With the images removed, write out every line below exactly.
====
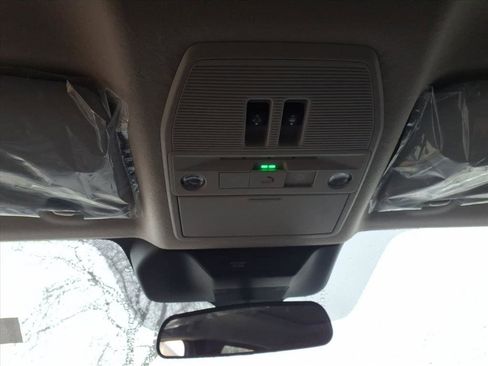 New 2026 Nissan Kicks SR image 25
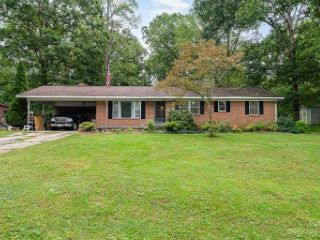 Foreclosed Home - 133 BOSTIAN LAKE RD, 28677
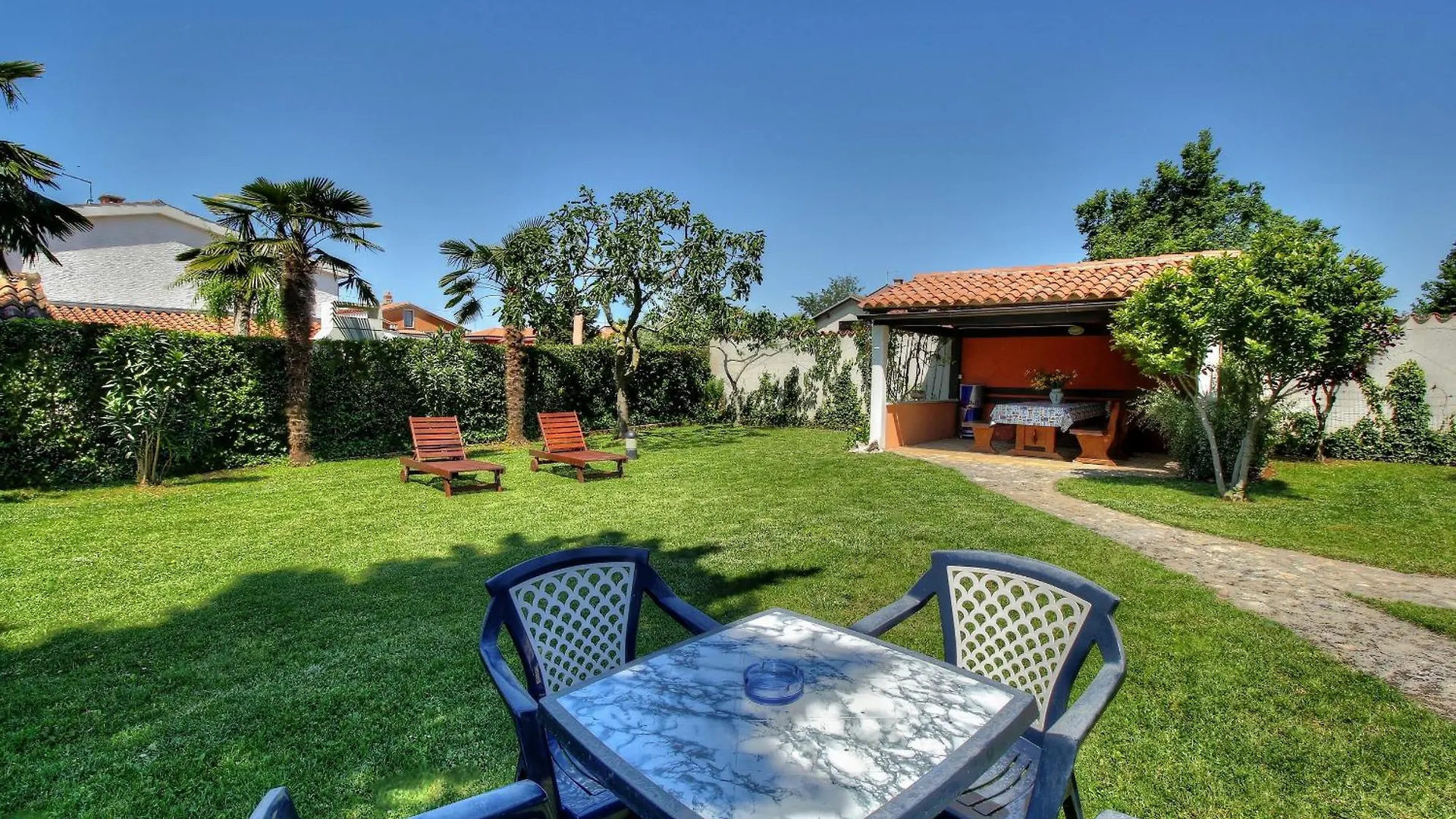 Apartments Sonja Umag 0*,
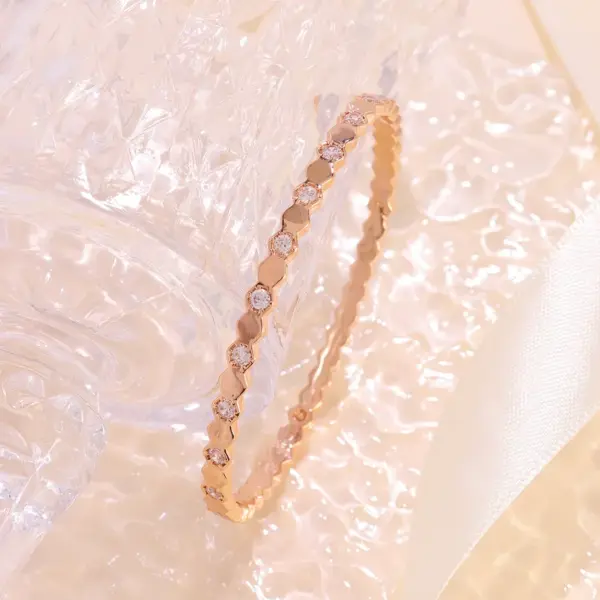 Wholesale Geometric Electroplated Copper Bangle For Women With Water Plating And Zircon Inlay
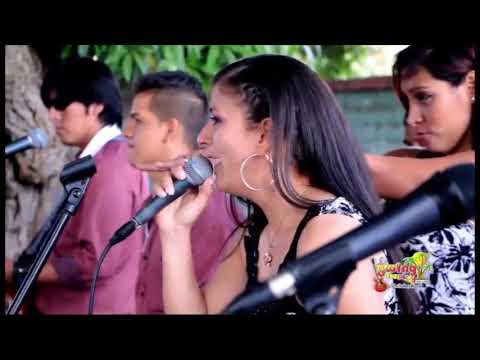 CASTILLO DE ARENA - LA SWING TROPICAL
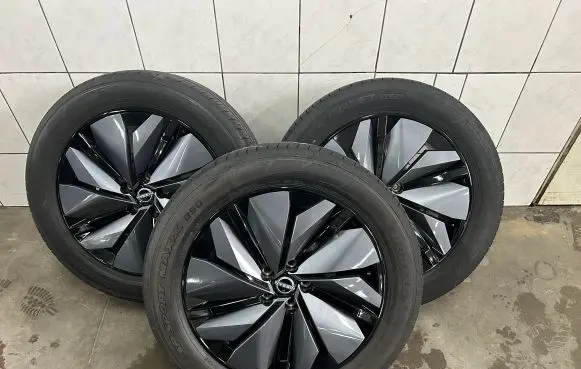 Nissan Ariya R19 alloy rim 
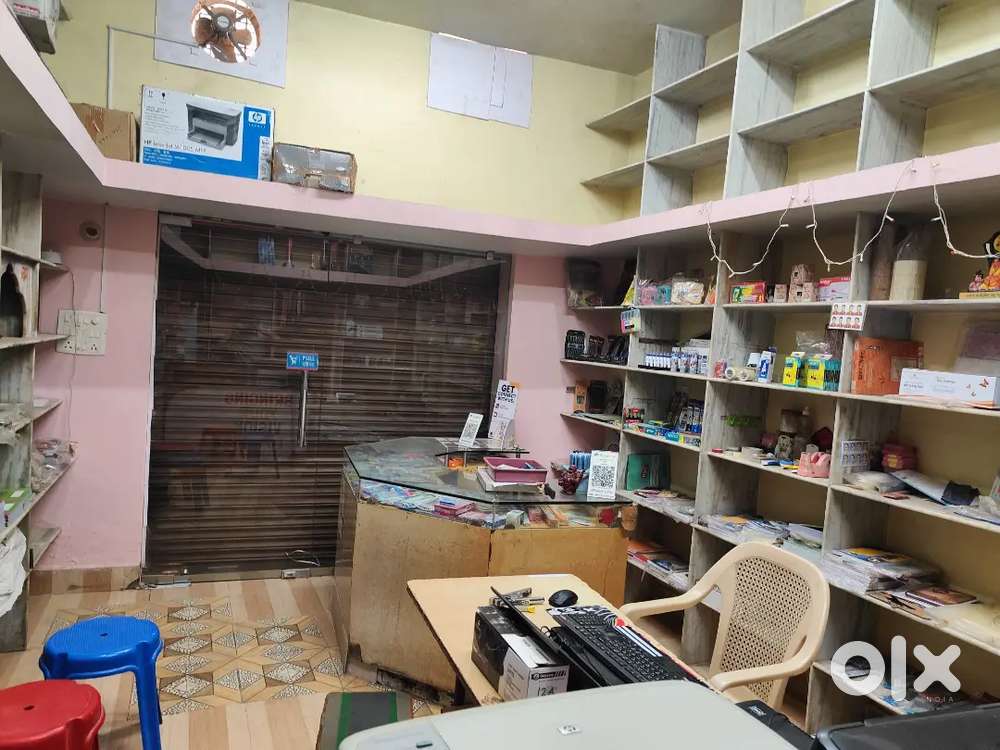 SHOP FOR RENT INCLUDING MARBEL RACKS AND FRONT GLASS PARTITION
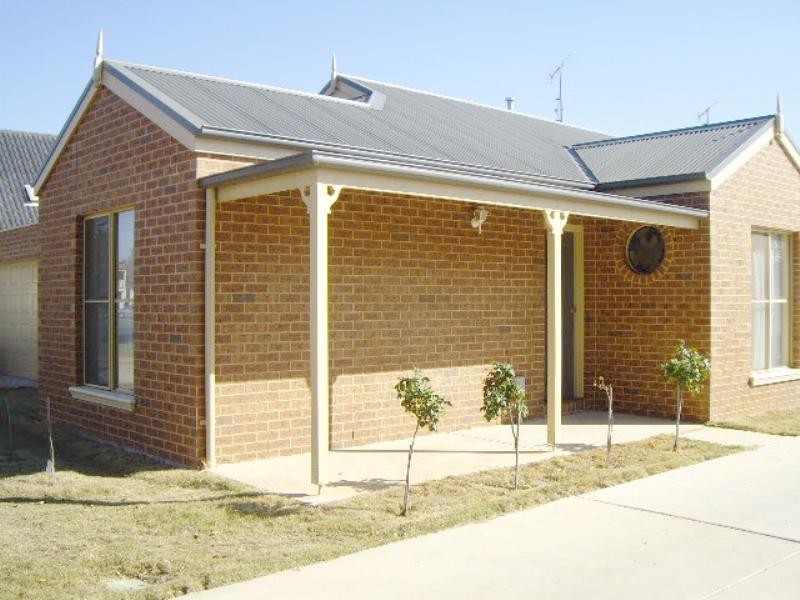 1/2 Echuca Street, Moama NSW 2731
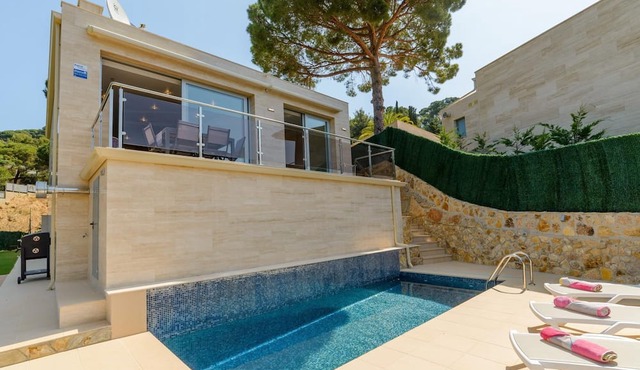 Fiona by Danlux Imvest. nice house whith pool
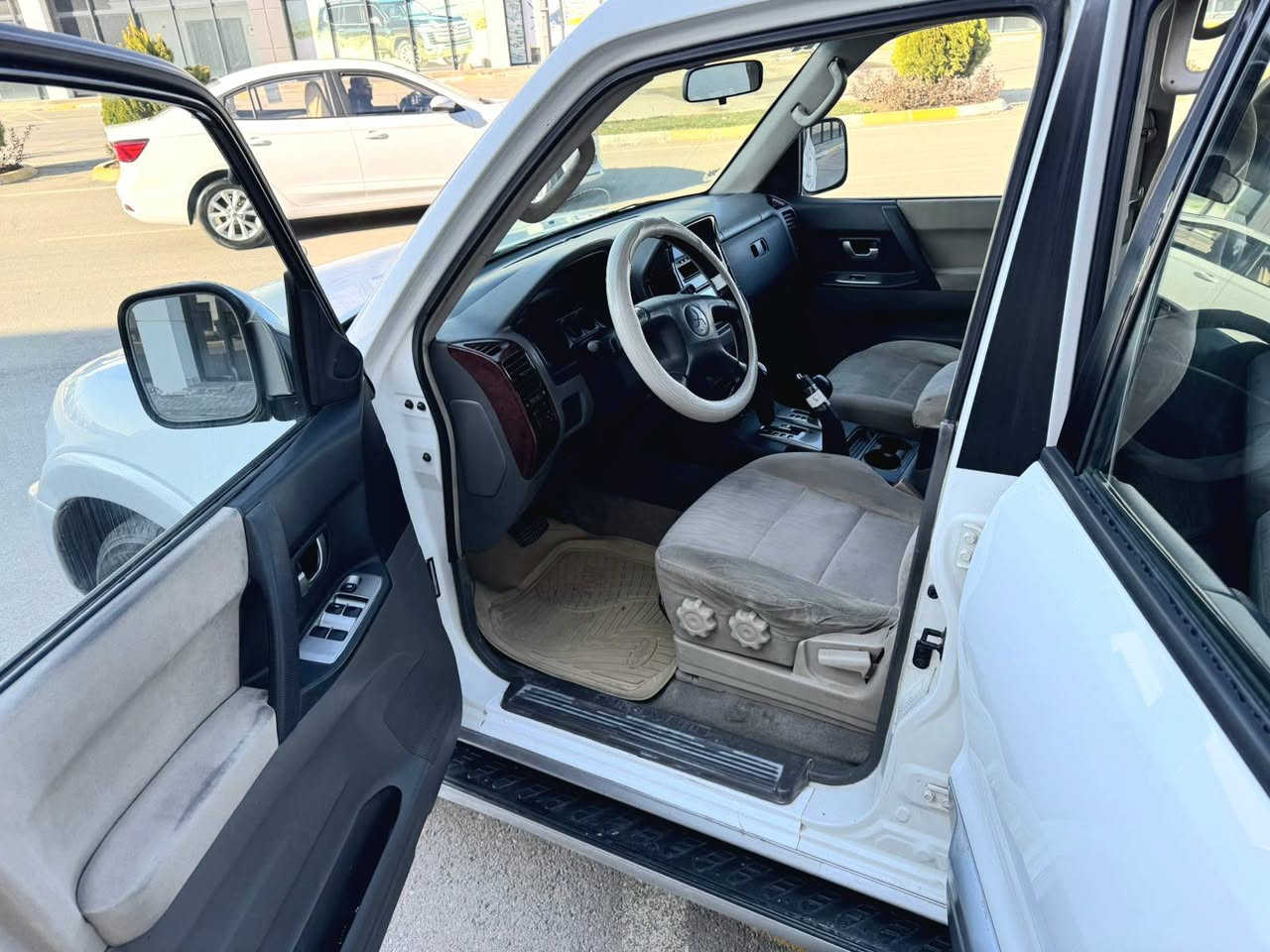 بەناوی خوا
  تکایە هەمووزانیارییەکانم نوسیوە بێ کەم وکوڕی
 ***********_***********ڤایبەر واتسئاپ
 میتسیۆبوشی پاجیڕۆ2005 GLS V6 مەکینە V6
بەناوی خۆمەوەیەوتەحویل ووەکالە بەشەرت243هەزارڕۆیشتووە مواسەفات مەسحە سێ ڕیزکوشن وفاملی تەبرید مەرکەزی گێڕ ئۆتۆماتیك دەبڵ گێڕ دەبڵ اکسل وقفڵ ئەکسل جام کارەبا ئاوێنەکارەبا 2پارچەبۆیاغی هەیەدەعو لێدراوی نییەوبەشەرت سۆنەرەکەیم داناوەچوارتایەوپاتری تازەیەکامل تاقم پێش ودوای گۆڕاوە  کارەبایی بەشەرت 
تەحویلوغرامەبەشەرت(شار..سلێمانی) 
بۆنرخ پەیوەندی بکەن لەخزمەتام السليمانية, العراق
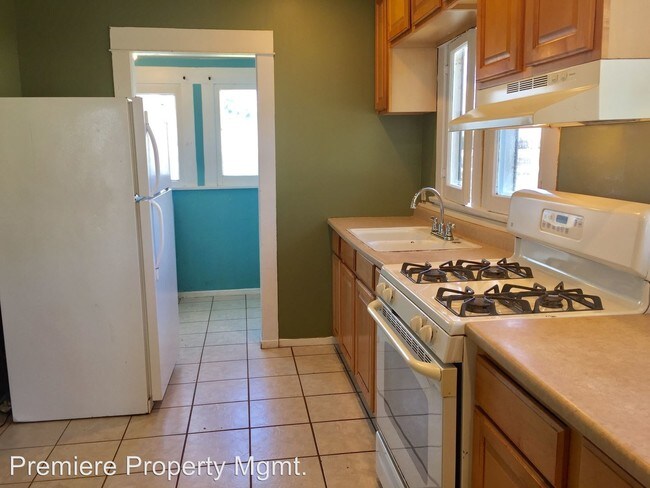Foto del edificio - 2 br, 1 bath House - 529 South Broadway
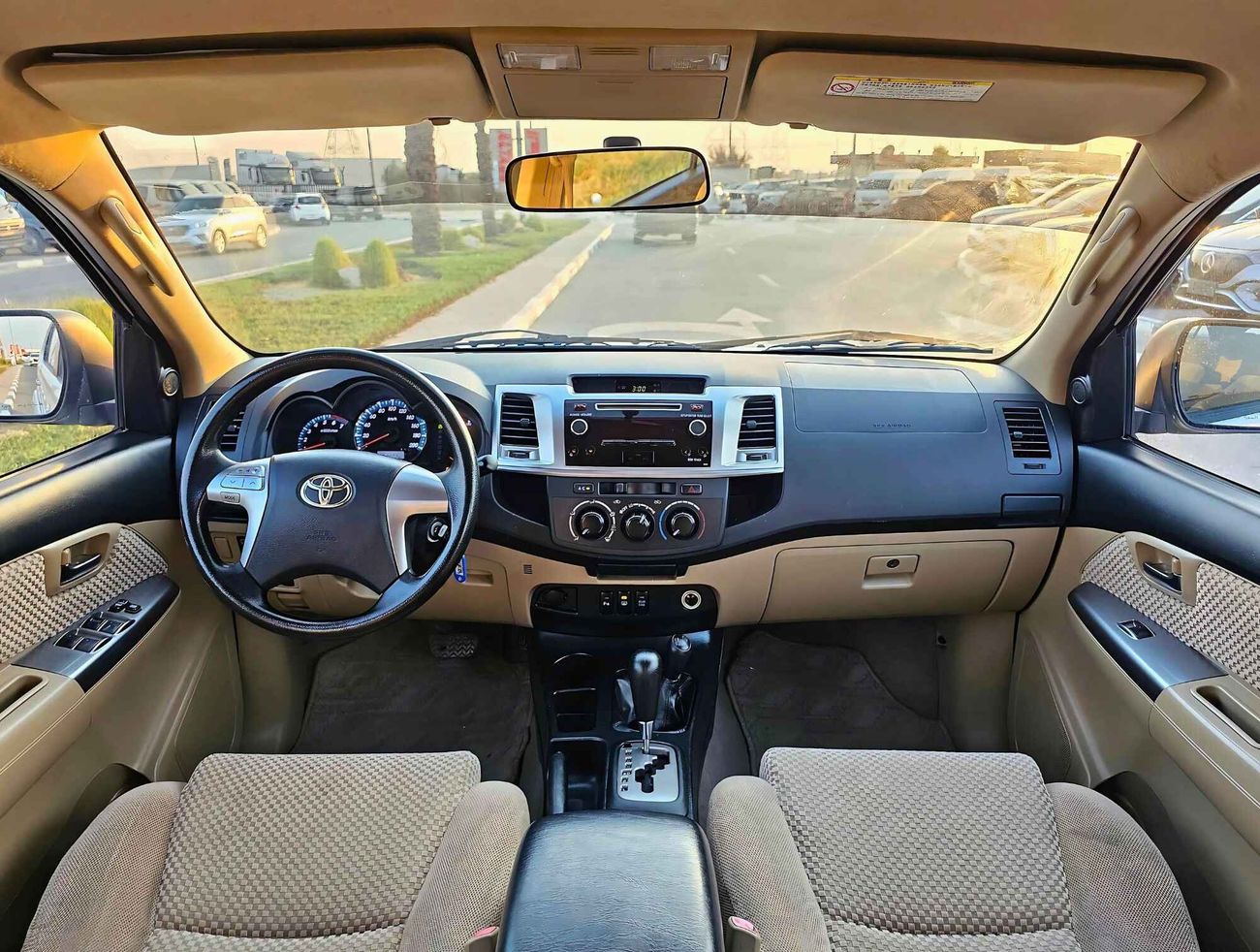 تويوتا فورتونر V4 GCC/ 4WD/ LOW MILEAGE/ SINGLE OWNER/ NON ACCIDENT/ EXCELLENT CONDITION/ LOT# 65624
====
* _Result of the task_
 New 2026 Nissan Kicks SR image 25
 Foreclosed Home - 133 BOSTIAN LAKE RD, 28677
 Apartments Sonja Umag 0*,
 Wholesale Geometric Electroplated Copper Bangle For Women With Water Plating And Zircon Inlay
 CASTILLO DE ARENA - LA SWING TROPICAL
 Nissan Ariya R19 alloy rim 
 SHOP FOR RENT INCLUDING MARBEL RACKS AND FRONT GLASS PARTITION
 1/2 Echuca Street, Moama NSW 2731
 Fiona by Danlux Imvest. nice house whith pool
 بەناوی خوا
  تکایە هەمووزانیارییەکانم نوسیوە بێ کەم وکوڕی
 ***********_***********ڤایبەر واتسئاپ
 میتسیۆبوشی پاجیڕۆ2005 GLS V6 مەکینە V6
بەناوی خۆمەوەیەوتەحویل ووەکالە بەشەرت243هەزارڕۆیشتووە مواسەفات مەسحە سێ ڕیزکوشن وفاملی تەبرید مەرکەزی گێڕ ئۆتۆماتیك دەبڵ گێڕ دەبڵ اکسل وقفڵ ئەکسل جام کارەبا ئاوێنەکارەبا 2پارچەبۆیاغی هەیەدەعو لێدراوی نییەوبەشەرت سۆنەرەکەیم داناوەچوارتایەوپاتری تازەیەکامل تاقم پێش ودوای گۆڕاوە  کارەبایی بەشەرت 
تەحویلوغرامەبەشەرت(شار..سلێمانی) 
بۆنرخ پەیوەندی بکەن لەخزمەتام السليمانية, العراق
Foto del edificio - 2 br, 1 bath House - 529 South Broadway
 تويوتا فورتونر V4 GCC/ 4WD/ LOW MILEAGE/ SINGLE OWNER/ NON ACCIDENT/ EXCELLENT CONDITION/ LOT# 65624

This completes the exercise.